What to produce — Having located "Blüten am Fjord" in the listing below, write out its line and every following line exactly, last line included, without the pictures.

Source data —
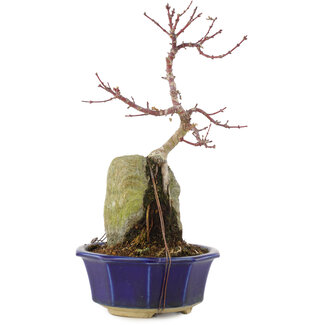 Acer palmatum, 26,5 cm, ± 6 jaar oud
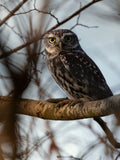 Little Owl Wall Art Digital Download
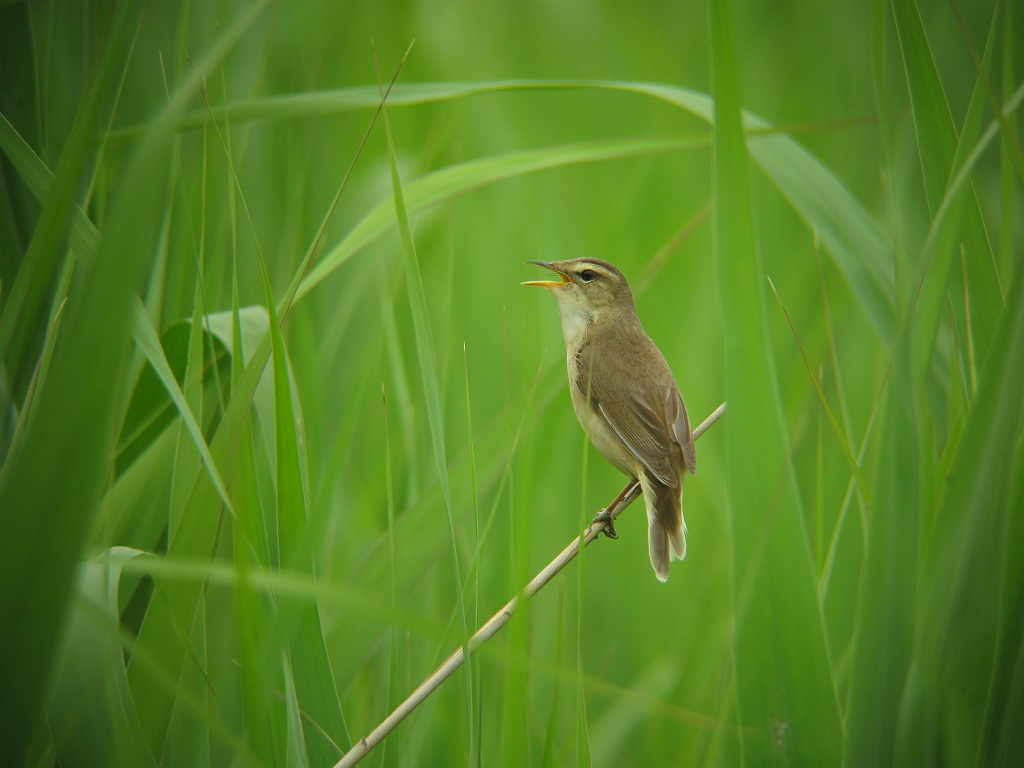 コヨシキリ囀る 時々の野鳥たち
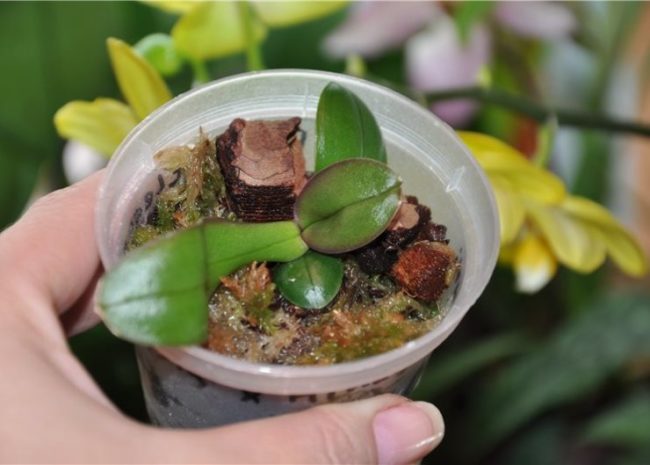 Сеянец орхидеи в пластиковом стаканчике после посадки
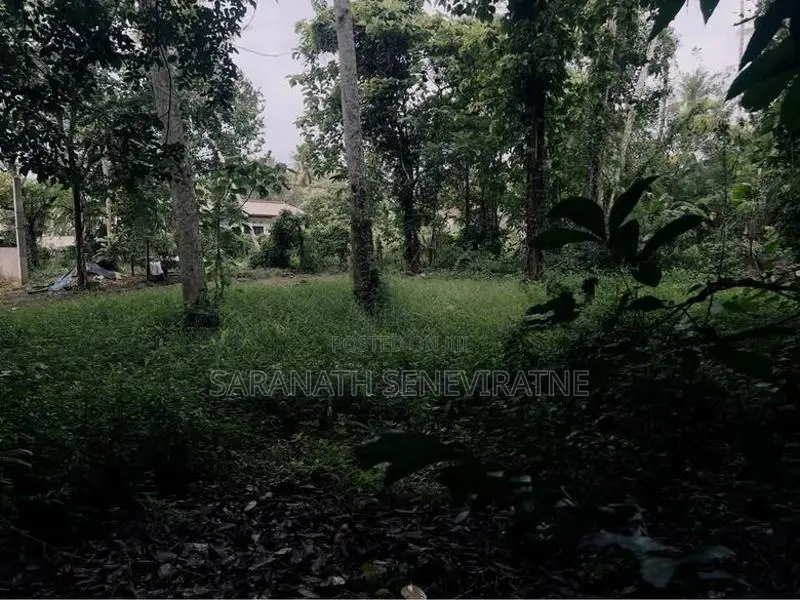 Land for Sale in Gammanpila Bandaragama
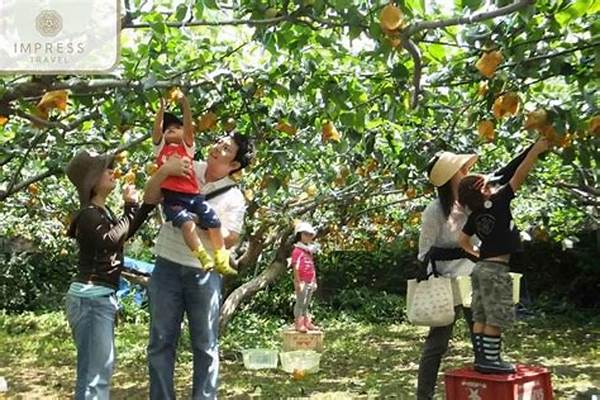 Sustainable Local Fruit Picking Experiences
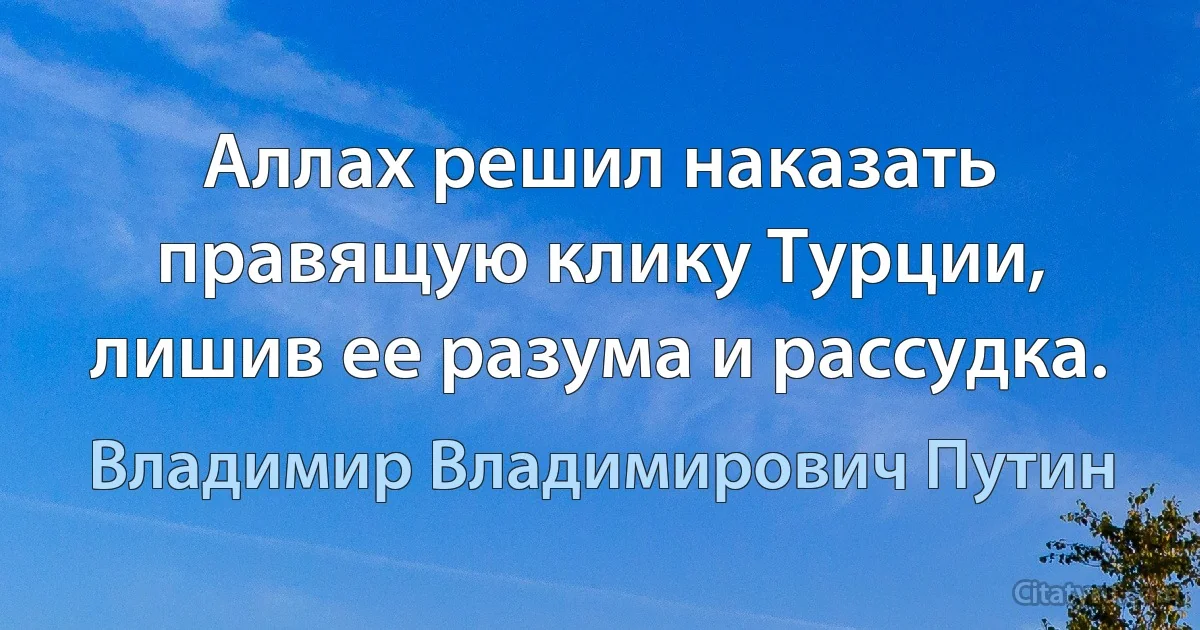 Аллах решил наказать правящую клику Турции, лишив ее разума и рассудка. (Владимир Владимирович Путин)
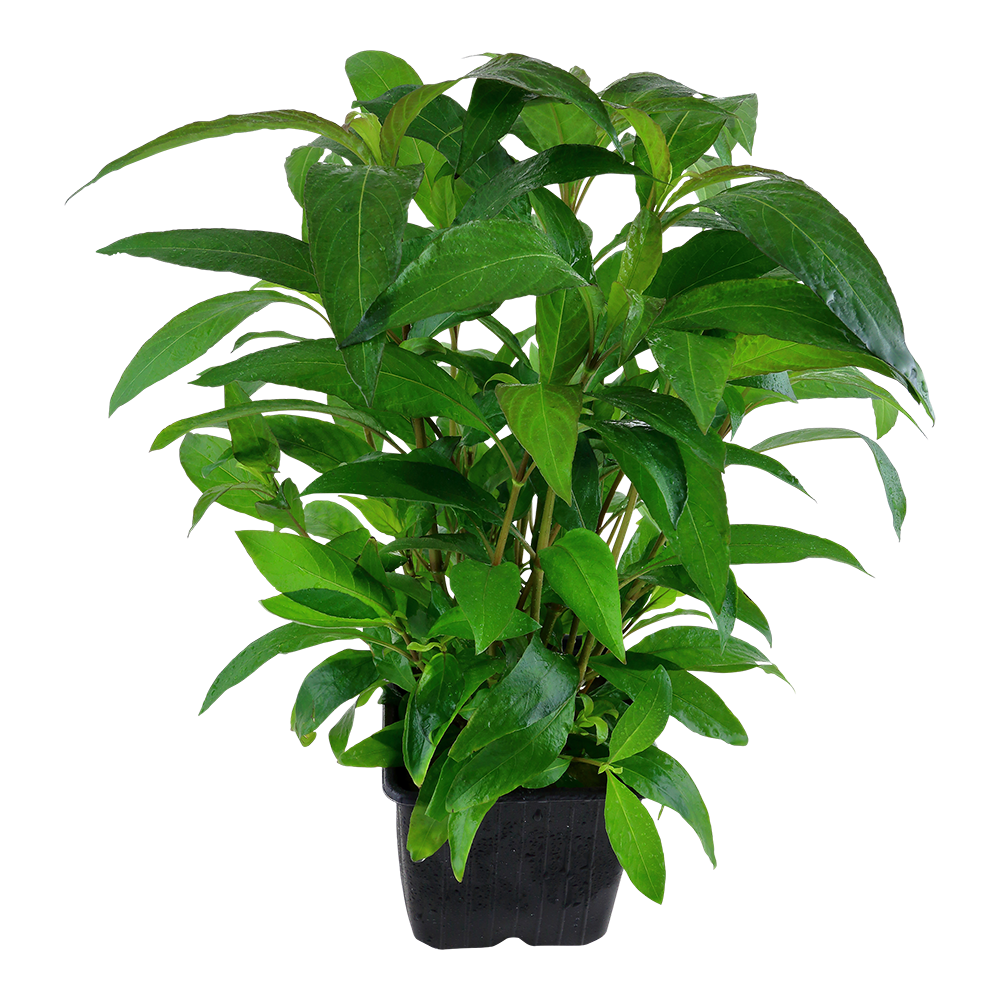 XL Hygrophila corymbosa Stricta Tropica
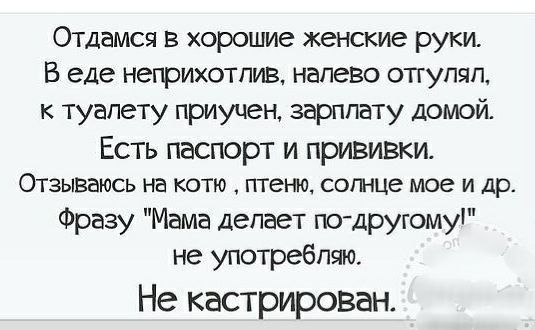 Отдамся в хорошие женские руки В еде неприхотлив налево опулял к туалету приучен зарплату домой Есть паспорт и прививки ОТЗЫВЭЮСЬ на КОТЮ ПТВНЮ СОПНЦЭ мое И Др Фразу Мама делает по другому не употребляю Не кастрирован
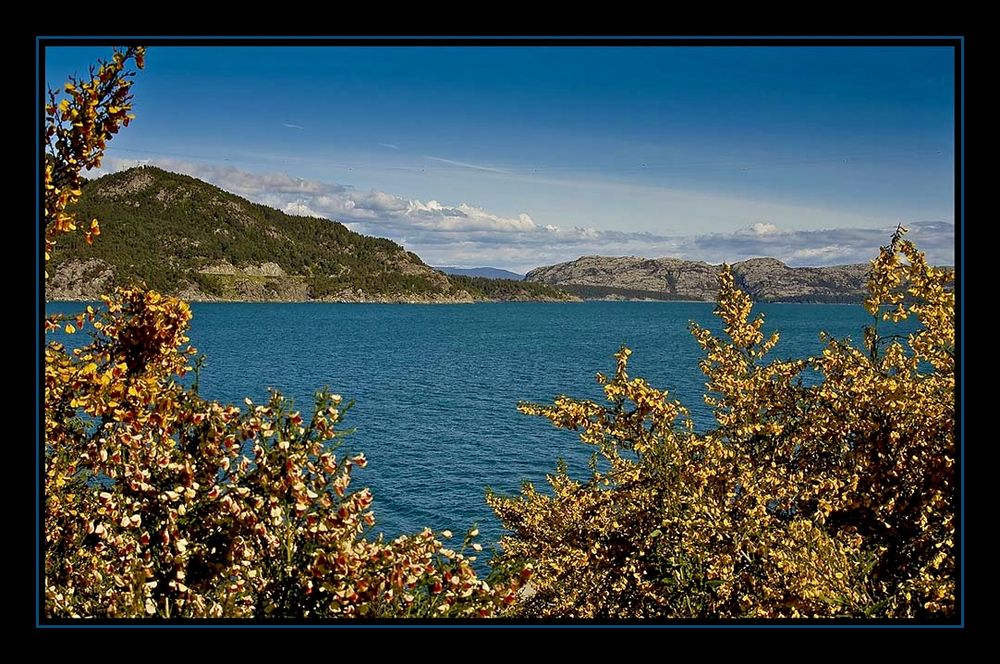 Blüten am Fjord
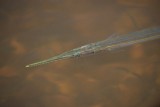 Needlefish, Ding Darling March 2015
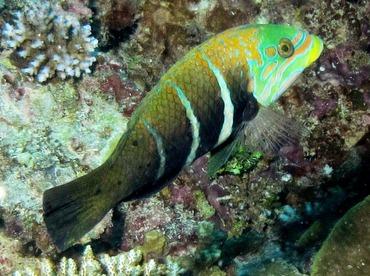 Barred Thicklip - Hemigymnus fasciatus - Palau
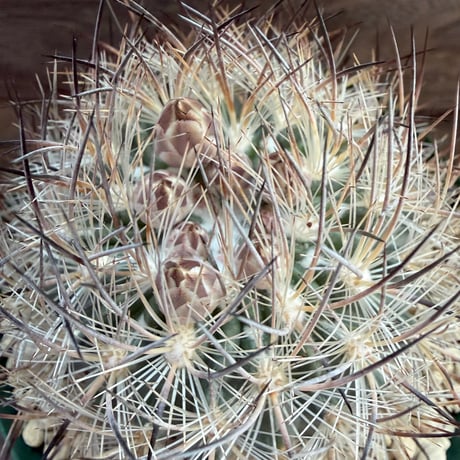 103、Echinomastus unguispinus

Your response —
 Blüten am Fjord
 Needlefish, Ding Darling March 2015
 Barred Thicklip - Hemigymnus fasciatus - Palau
 103、Echinomastus unguispinus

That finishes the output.